RAW DATA:
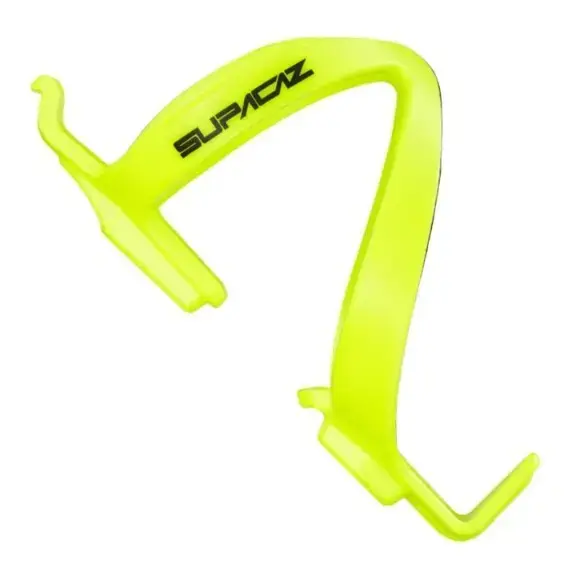 Supacaz Fly Poly - Neon Yellow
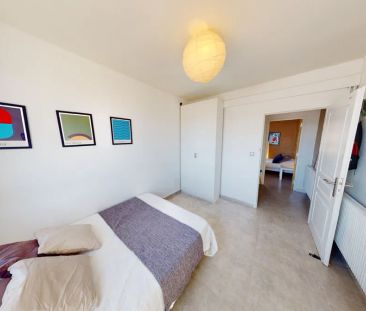 27 Bis Rue Lakanal 27, Montpellier - Photo 1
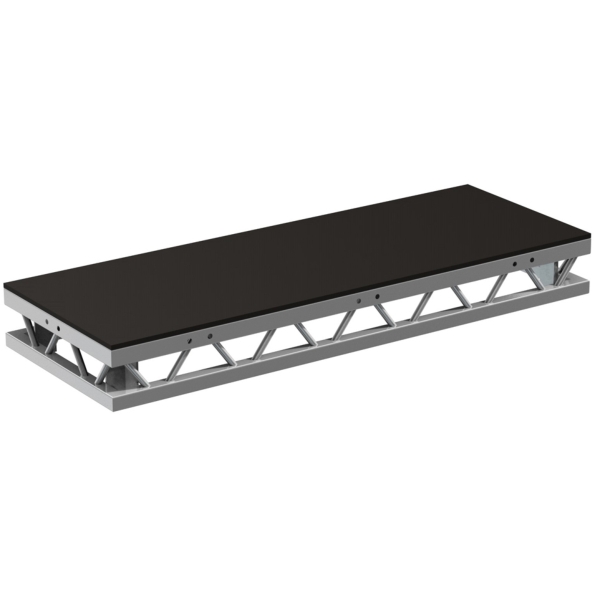 GT Tour Deck 6 x 2ft Stage Platform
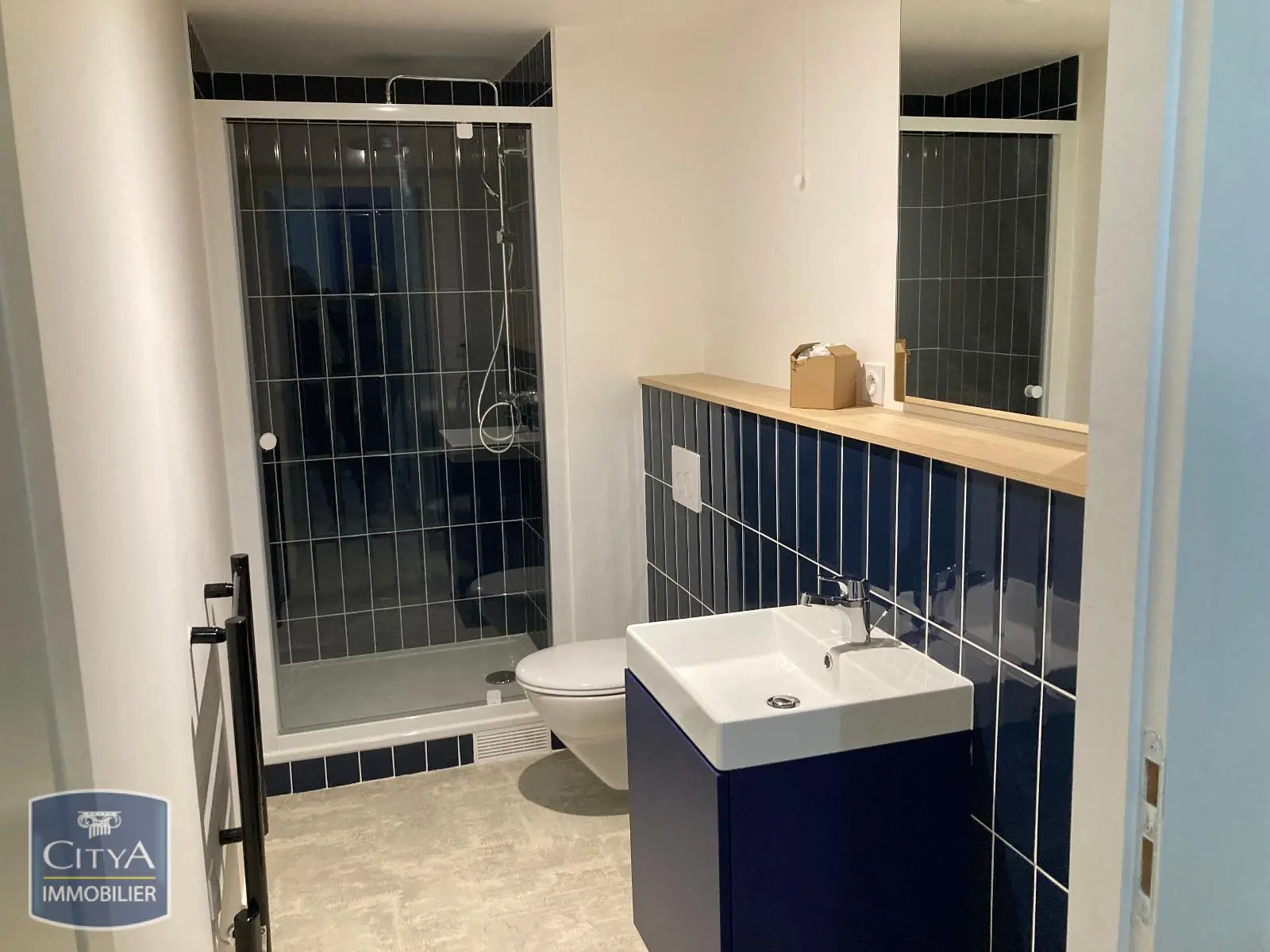 Photo 3 Appartement 1 pièce 20.62m²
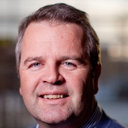 Hans M. Nordahl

PROBLEM TO SOLVE:
Your answer must be the lines from the one holding "GT Tour Deck 6 x 2ft Stage Platform" through the final line of the records above, exactly as written and without any pictures.

SOLVED EXERCISE:
 GT Tour Deck 6 x 2ft Stage Platform
 Photo 3 Appartement 1 pièce 20.62m²
 Hans M. Nordahl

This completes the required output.